Re: [PATCH] nvme-pci: Shutdown the device if D3Cold is allowed by the user

From: Rafael J. Wysocki
Date: Mon Dec 16 2024 - 12:36:32 EST


On Mon, Dec 16, 2024 at 6:11 PM Manivannan Sadhasivam
<manivannan.sadhasivam@xxxxxxxxxx> wrote:
>
> On Mon, Dec 16, 2024 at 05:24:40PM +0100, Rafael J. Wysocki wrote:
> > On Sat, Dec 14, 2024 at 7:30 AM Manivannan Sadhasivam
> > <manivannan.sadhasivam@xxxxxxxxxx> wrote:
> > >
> > > On Fri, Dec 13, 2024 at 03:35:15PM +0100, Rafael J. Wysocki wrote:
> > > > On Thu, Dec 12, 2024 at 4:14 PM Christoph Hellwig <hch@xxxxxx> wrote:
> > > > >
> > > > > On Thu, Dec 12, 2024 at 01:49:15PM +0100, Ulf Hansson wrote:
> > > > > > Right. This seems to somewhat work for ACPI types of systems, because
> > > > > > ACPI is controlling the low power state for all the devices. Based on
> > > > > > the requested system wide low power state, ACPI can then decide to
> > > > > > call pm_set_suspend_via_firmware() or not.
> > > > > >
> > > > > > Still there is a problem with this for ACPI too.
> > > > > >
> > > > > > How does ACPI know whether it's actually a good idea to keep the NVMe
> > > > > > storage powered in s2idle (ACPI calls pm_set_suspend_via_firmware()
> > > > > > only for S2R and S2disk!?)? Especially when my laptop only supports
> > > > > > s2idle and that's what I will use when I close the lid. In this way,
> > > > > > the NMVe storage will certainly contribute to draining the battery,
> > > > > > especially when I won't be using my laptop for a couple of days.
> > > > > >
> > > > > > In my opinion, we need a better approach that is both flexible and
> > > > > > that dynamically adjusts based upon the use case.
> > > > >
> > > > > Agreed. I'd be happy to work with the PM maintainers to do this,
> > > > > but I don't really know enough about the PM core to drive it
> > > > > (as the reply from Rafael to my mail makes pretty clear :))
> > > >
> > > > I'm here to help.
> > > >
> > > > Let me know what exactly you want to achieve and we'll see how to make it work.
> > >
> > > I'll try to summarize the requirement here since I started this thread:
> > >
> > > Problem statement
> > > =================
> > >
> > > We need a PM core API that tells the device drivers when it is safe to powerdown
> > > the devices. The usecase here is with PCIe based NVMe devices but the problem is
> > > applicable to other devices as well.
> > >
> > > Drivers are relying on couple of options now:
> > >
> > > 1. If pm_suspend_via_firmware() returns true, then drivers will shutdown the
> > > device assuming that the firmware is going to handle the suspend. But this API
> > > is currently used only by ACPI. Even there, ACPI relies on S2R being supported
> > > by the platform and it sets pm_set_suspend_via_firmware() only when the suspend
> > > is S2R. But if the platform doesn't support S2R (current case of most of the
> > > Qcom SoCs), then pm_suspend_via_firmware() will return false and NVMe won't be
> > > powered down draining the battery.
> >
> > So my question here would be why is it not powered down always during
> > system-wide suspend?
> >
> > Why exactly is it necessary to distinguish one case from the other
> > (assuming that we are talking about system-wide suspend only)?
> >
>
> To support Android like usecase with firmware that only supports
> suspend-to-idle (Qcom platforms). This usecase is not applicable right now, but
> one can't just rule out the possibility in the near future.

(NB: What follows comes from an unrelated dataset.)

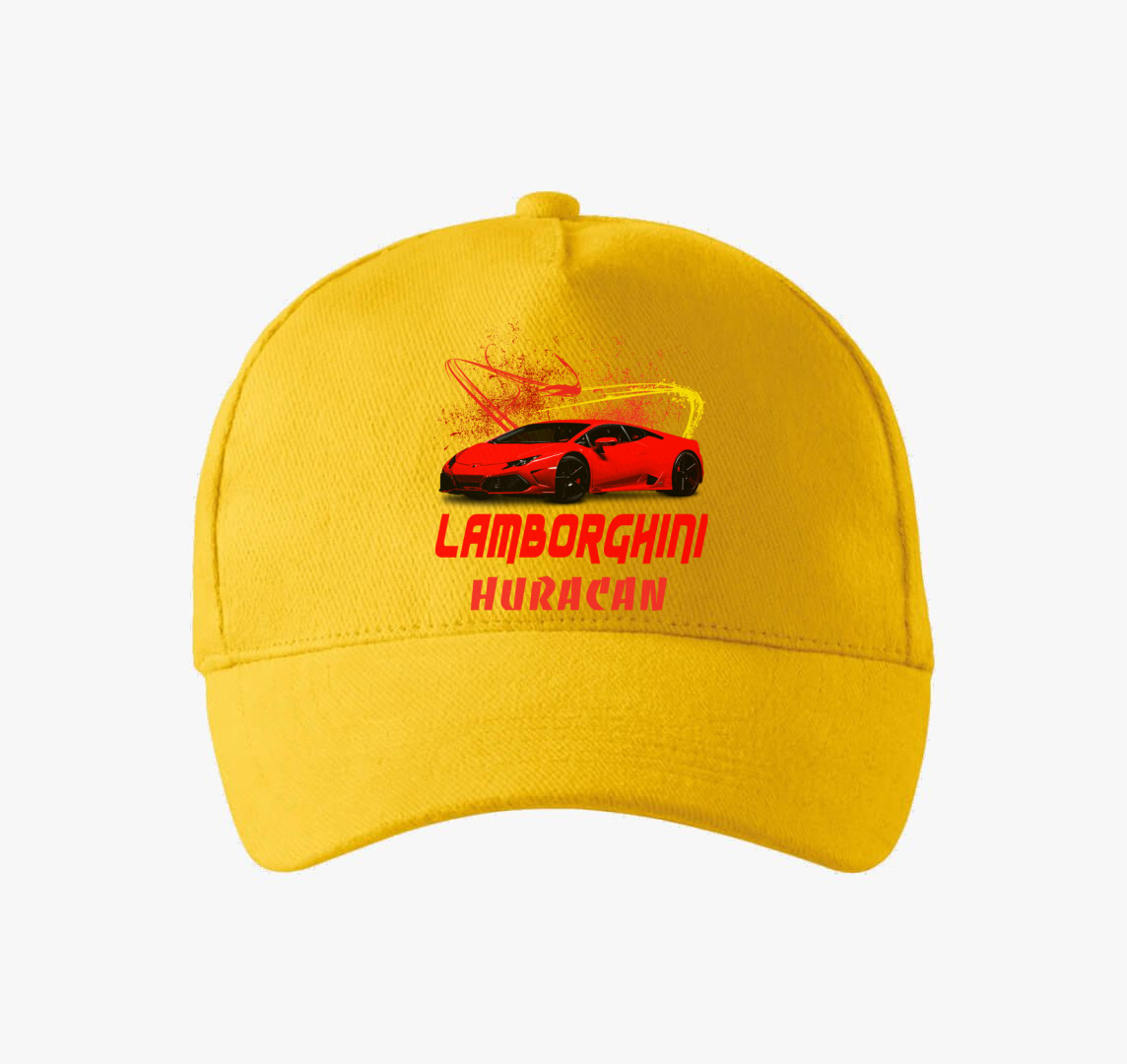 Lamborghini Huracan baseball sapka — Sárga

This doesn't explain anything to me, sorry.

> And the problem is that we need to support both Android and non-Android systems
> with same firmware :/

So what technically is the problem?

> > There are drivers that use pm_suspend_via_firmware() to check whether
> > or not something special needs to be done to the device because if
> > "false" is returned, the platform firmware is not going to remove
> > power from it.
> >
> > However, you seem to be talking about the opposite, so doing something
> > special to the device if "true" is returned. I'm not sure why this is
> > necessary.
> >
>
> Because, since 'false' is returned, drivers like NVMe are assuming that the
> platform won't remove power on all DT systems and they just keep the devices in
> low power state (not powering them down). But why would I want my NVMe in DT
> based laptop to be always powered in system suspend?

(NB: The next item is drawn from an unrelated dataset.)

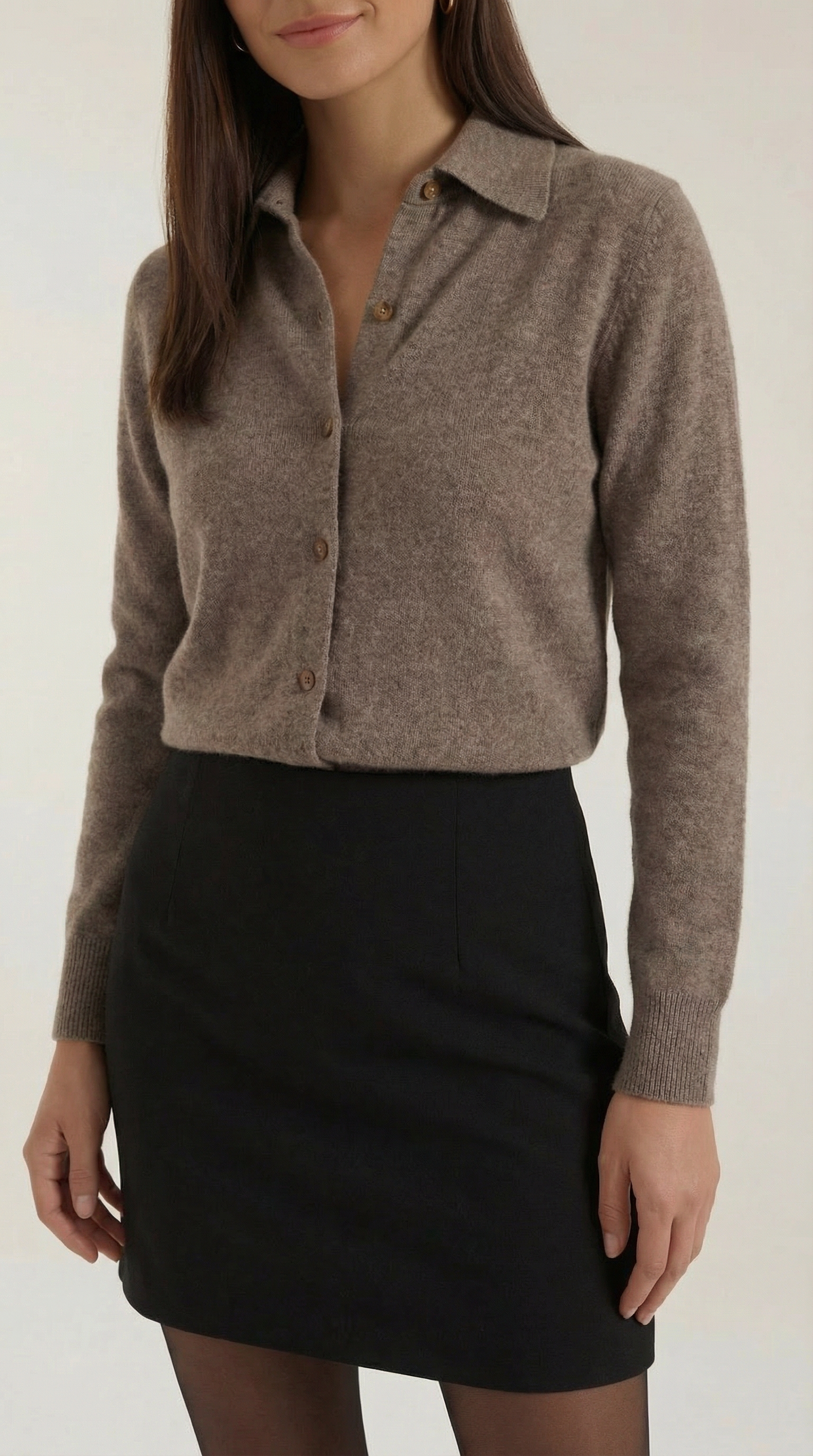 Top Gladys de Punto con Cuello Polo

Because it causes the system to use less energy when suspended.

> > > If the platform is using DT, then there is no entity setting
> > > pm_set_suspend_via_firmware().
> >
> > That's true and so the assumption is that in this case the handling of
> > all devices will always be the same regardless of which flavor of
> > system suspend is chosen by user space.
> >
>
> Right and that's why the above concern is raised.

And it is still unclear to me what the problem with it is.

What exactly can go wrong?

> > > So NVMe will be kept in low power state all the
> > > time (still draining the battery).
> >
> > So what would be the problem with powering it down unconditionally?
> >
>
> I'm not sure how would you do that (by checking dev_of_node()?). Even so, it
> will wear out the NVMe devices if used in Android tablets etc...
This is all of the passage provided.